J Physiol. 2009 Jun 1;587(Pt 11):2579-88. doi: 10.1113/jphysiol.2009.169011. Epub 2009 Apr 29.
In addition to increased glucose uptake, insulin action is associated with increased total and microvascular blood flow, and vasomotion in skeletal muscle. The aim of this study was to determine the effect of acute insulin resistance caused by the peripheral vasoconstrictor alpha-methylserotonin (alphaMT) on microvascular vasomotion in muscle. Heart rate (HR), mean arterial pressure (MAP), femoral blood flow (FBF), whole body glucose infusion (GIR) and hindleg glucose uptake (HGU) were determined during control and hyperinsulinaemic euglycaemic clamp conditions in anaesthetized rats receiving alphaMT infusion. Changes in muscle microvascular perfusion were measured by laser Doppler flowmetry (LDF) and vasomotion was assessed by applying wavelet analysis to the LDF signal. Insulin increased GIR and HGU. Five frequency bands corresponding to cardiac, respiratory, myogenic, neurogenic and endothelial activities were detected in the LDF signal. Insulin infusion alone increased FBF (1.18 +/- 0.10 to 1.78 +/- 0.12 ml min(-1), P < 0.05), LDF signal strength (by 16% compared to baseline) and the relative amplitude of the myogenic component of vasomotion (0.89 +/- 0.09 to 1.18 +/- 0.06, P < 0.05). When infused alone alphaMT decreased LDF signal strength and the myogenic component of vasomotion by 23% and 27% respectively compared to baseline, but did not affect HGU or FBF. Infusion of alphaMT during the insulin clamp decreased the stimulatory effects of insulin on GIR, HGU, FBF and LDF signal and blocked the myogenic component of vasomotion. These data suggest that insulin action to recruit microvascular flow may in part involve action on the vascular smooth muscle to increase vasomotion in skeletal muscle to thereby enhance perfusion and glucose uptake. These processes are impaired with this model of alphaMT-induced acute insulin resistance.
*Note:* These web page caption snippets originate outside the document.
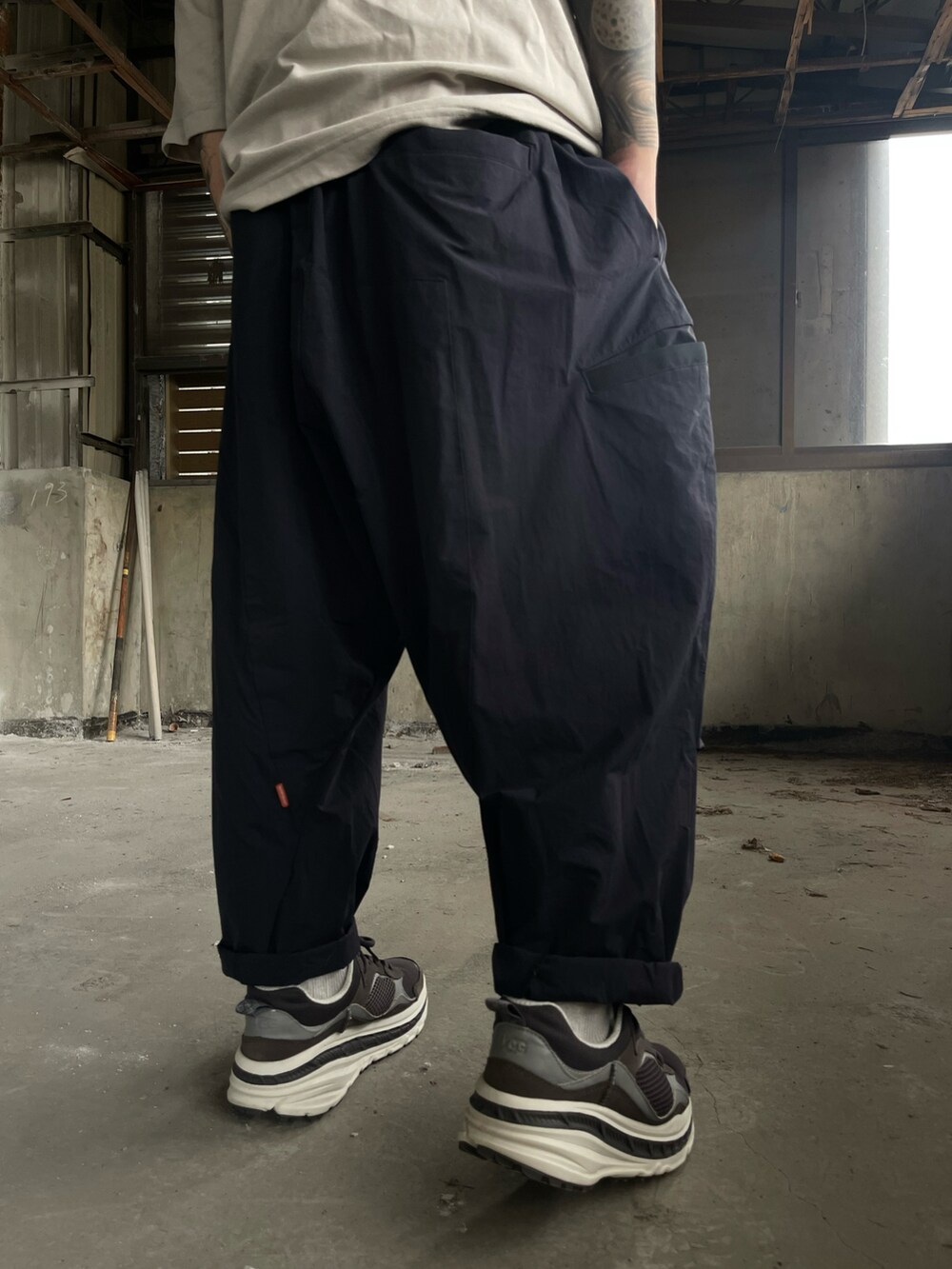 「一中街」｜「UNIQLOのアイテム（Tシャツ/カットソー、グレー系）」を使った、kevinlai2530さん（メンズ・165cm）の秋コーディネートの4枚目の写真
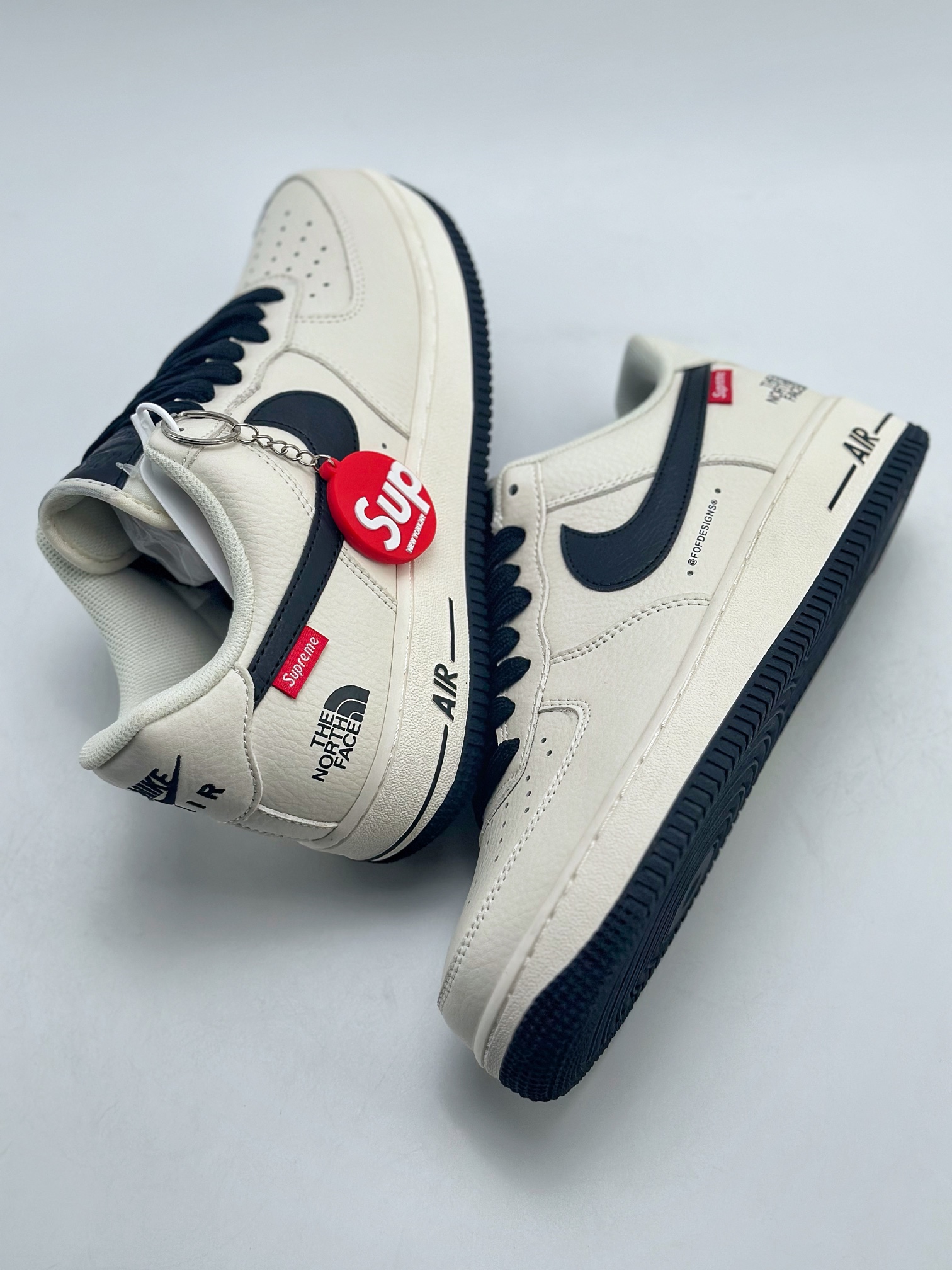 260 Nike Air Force 1 Low 07 x The North Face x Supreme 三方联名 SU2305-001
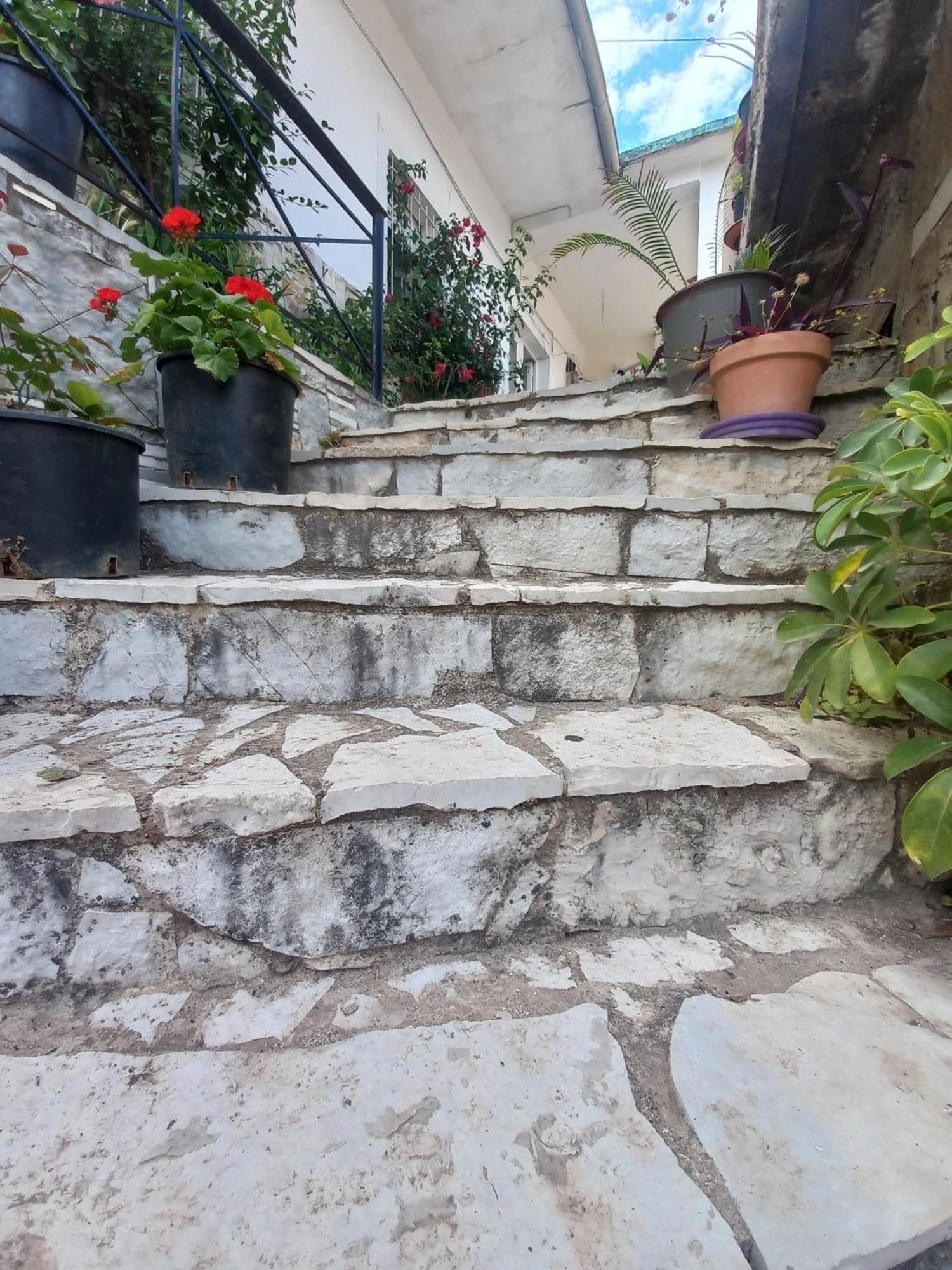 Aleko Guest House Гирокастра Экстерьер фото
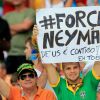 Soutien à Neymar après sa blessure lors du match Brésil-Colombie à Fortaleza, le 4 juillet 2014. 
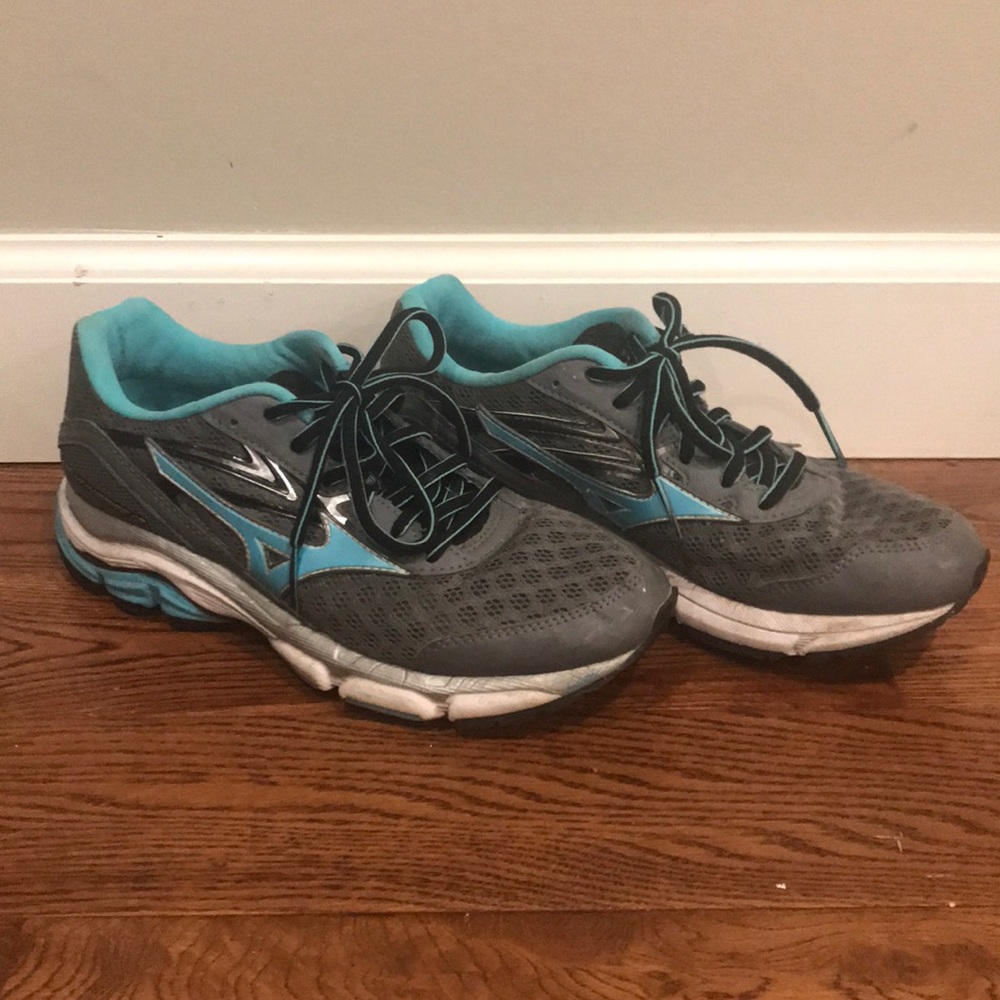Mizuno 8.5 Running Shoes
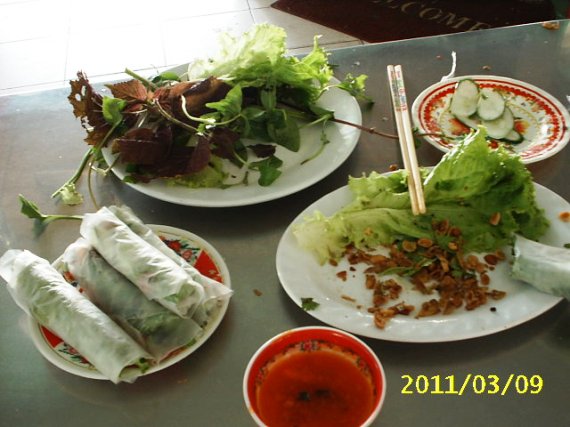 베트남에서 내가 맛본 가장 맛있는 음식. 이름을 모르겠다. 누가 아시는 분 계신지?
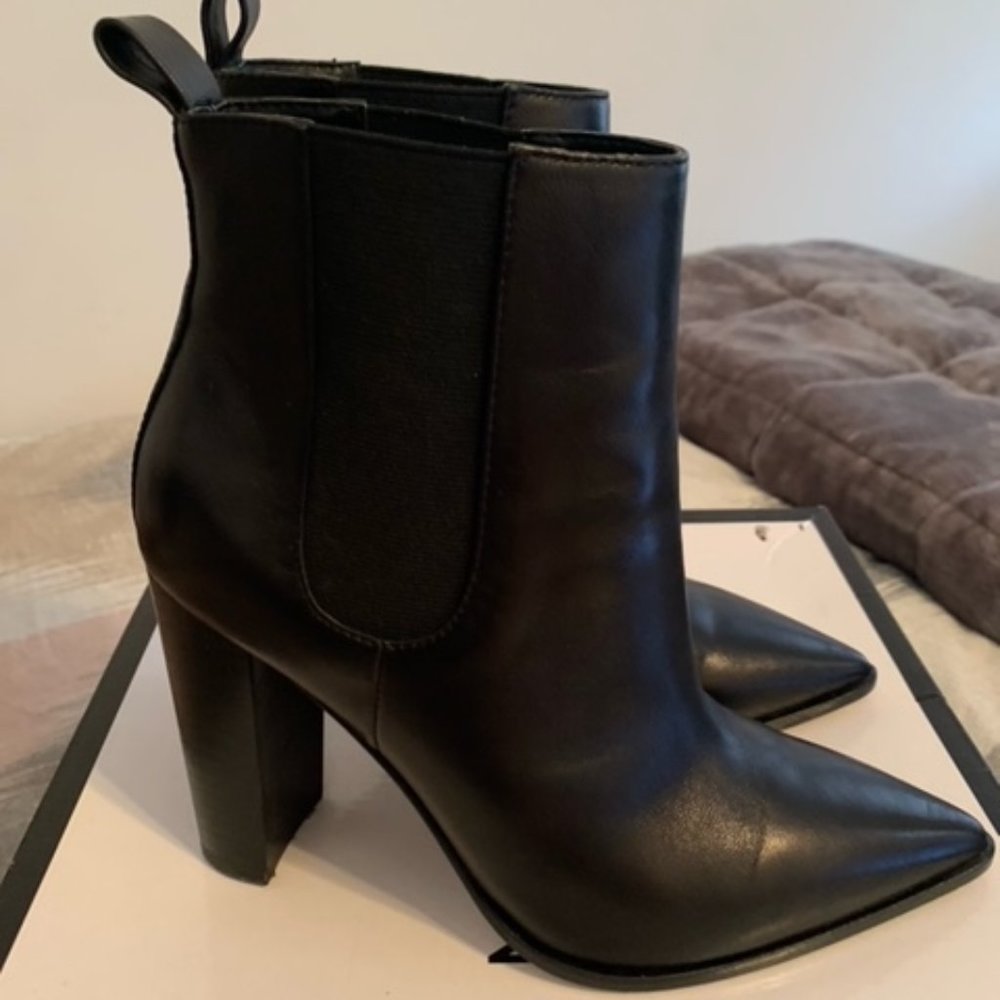 Saks Fifth Avenue Heeled Boots Size 5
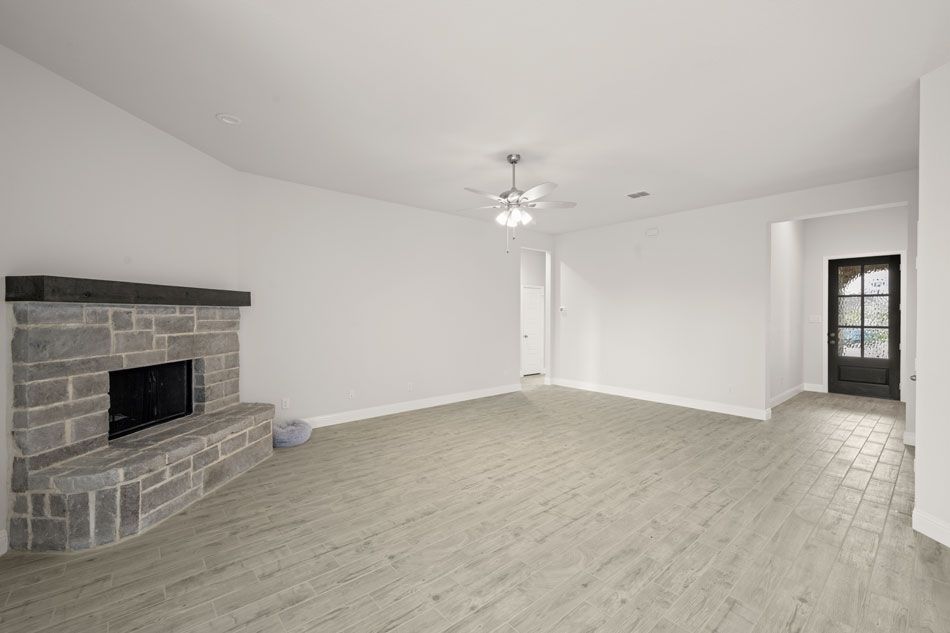 1010 Longbow Trail. Justin, TX 76247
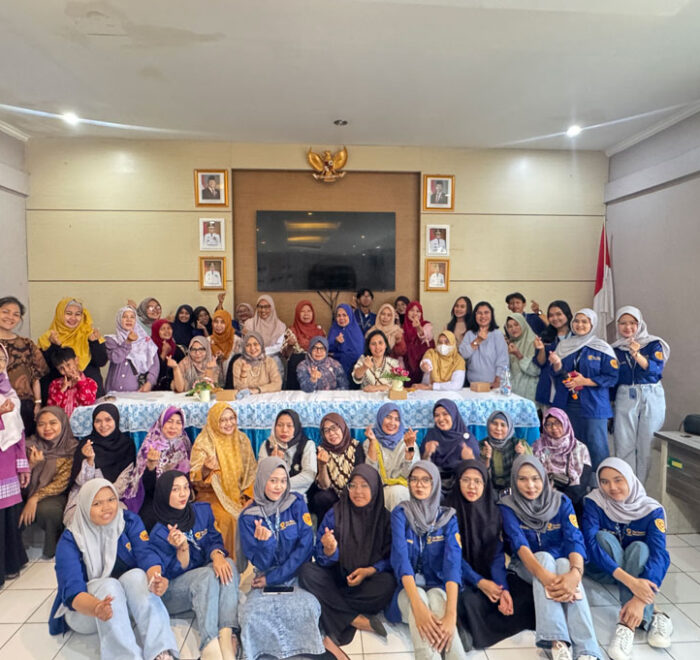 Keri Boru Hotang. S.E., M.Ak, Nia Aminah Kurniawati, A.P., S.IP., M.Si.,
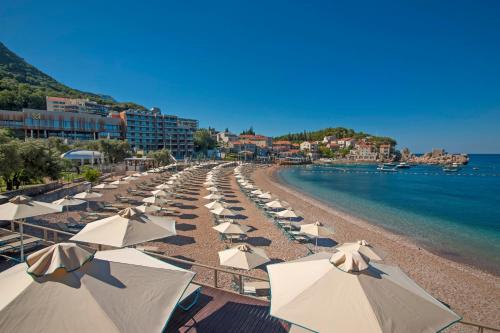 Strand, Maestral Resort & Casino in Budva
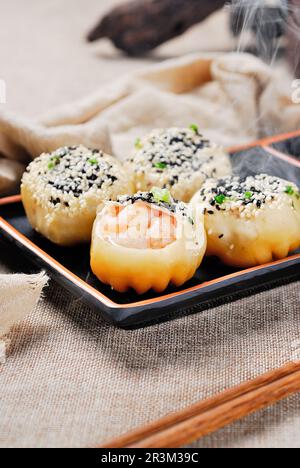 Sheng Jian Bao, Bun fritto in padella in stile Shanghai ripieni di gamberi Foto Stock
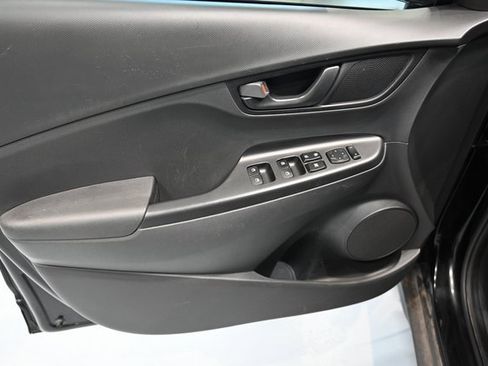 Used 2022 Hyundai Kona SEL w/ Cargo Package image 24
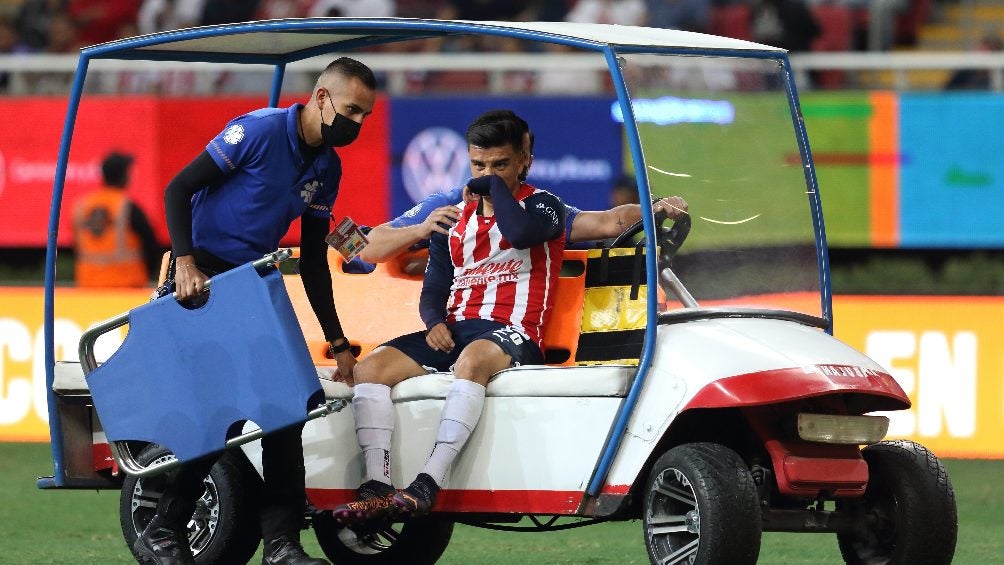 Fernando Beltrán recibiendo atención médica tras lesión ante Pumas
除了增加葡萄糖摄取外,胰岛素作用还与骨骼肌的总血流量、微血管血流量增加以及血管运动有关。本研究的目的是确定外周血管收缩剂α-甲基血清素(αMT)引起的急性胰岛素抵抗对肌肉微血管运动的影响。在接受αMT输注的麻醉大鼠中,在对照和高胰岛素正常血糖钳夹条件下测定心率(HR)、平均动脉压(MAP)、股血流量(FBF)、全身葡萄糖输注率(GIR)和后肢葡萄糖摄取量(HGU)。通过激光多普勒血流仪(LDF)测量肌肉微血管灌注的变化,并通过对LDF信号应用小波分析来评估血管运动。胰岛素增加了GIR和HGU。在LDF信号中检测到与心脏、呼吸、肌源性、神经源性和内皮活动相对应的五个频段。单独输注胰岛素可增加FBF(从1.18±0.10增至1.78±0.12 ml·min⁻¹,P<0.05)、LDF信号强度(与基线相比增加16%)以及血管运动肌源性成分的相对幅度(从0.89±0.09增至1.18±0.06,P<0.05)。单独输注αMT时,与基线相比,LDF信号强度和血管运动的肌源性成分分别降低了23%和27%,但不影响HGU或FBF。在胰岛素钳夹期间输注αMT可降低胰岛素对GIR、HGU、FBF和LDF信号的刺激作用,并阻断血管运动的肌源性成分。这些数据表明,胰岛素募集微血管血流的作用可能部分涉及对血管平滑肌的作用,以增加骨骼肌的血管运动,从而增强灌注和葡萄糖摄取。在这种αMT诱导的急性胰岛素抵抗模型中,这些过程受到损害。